Another symbolic meaning of the Christmas Light is understanding, so let's remember another man born on Christmas Day, who contributed far more

than we can readily imagine to our understanding of the world we live in, and to our ability to use natural laws to shape our environment to our ends. On this December 25th, in 1642, Isaac Newton was born! He was certainly one of the greatest minds in the history of human thought, having made such fundamental contributions to mathematics, physics, and astronomy that all humans owe perpetual homage to his genius. In 4th R class your students learn that a savage mentality perceives each event as a unique occurrence with no connection to other events. But the birth of understanding, of science, and of advance above a savage level of existence begin when a man links different facts and occurrences together, sees generalities, identifies repeating patterns, abstracts causes of effects, and derives laws and principles governing the natural world. Newton's brilliant conceptualization of a universal force of gravitation brought order and coherence to many separate kinds of observed phenomena, from the motion of falling apples and pebbles to the orbital motions of the moon and planets. In his Principia Mathematica (l687), widely considered one of the greatest single contributions to the history of science, be demonstrated for the first time a unified system of scientific principles explaining natural phenomena.
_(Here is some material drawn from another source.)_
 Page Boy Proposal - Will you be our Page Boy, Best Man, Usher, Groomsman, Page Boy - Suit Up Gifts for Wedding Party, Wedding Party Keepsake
In his invention of differential and integral calculus, he laid the foundations for the development of mathematical tools essential to an enormous amount of modern science. His discoveries in optics and the nature of light were similarly fundamental and important.

During the last three decades or so of his life, he was master of the English Mint. During this time, he established the standards of weight, purity, and design for the one pound coin, the golden Sovereign, which was for the next two centuries the most widely known, respected, and used standard of value and coin of trade in the world. It was the heart of the classical Gold Standard, and as such was one of the basic factors promoting British prosperity and greatness during that time, and giving to the whole world an unparalleled period of economic stability during which free trade and free enterprise flourished.

So, on Christmas Day, let's also remember Sir Isaac Newton, one of the forgotten men of Christmas, who cast light on so many of the natural principles of our modern world and very good way of life. Of all appreciative words which have been written about him, surely the most graceful must be the epitaph written by Alexander Pope, almost his contemporary:

''Nature and Nature's laws lay hid in night; God said, ''Let Newton be.'' and all was light.''

Along with our traditional Christmas dinner, gaily decorated tree, and song-fest, we also take time to tell the stories of the forgotten men of Christmas, and to sing an enthusiastic Happy Birthday to Sir Isaac.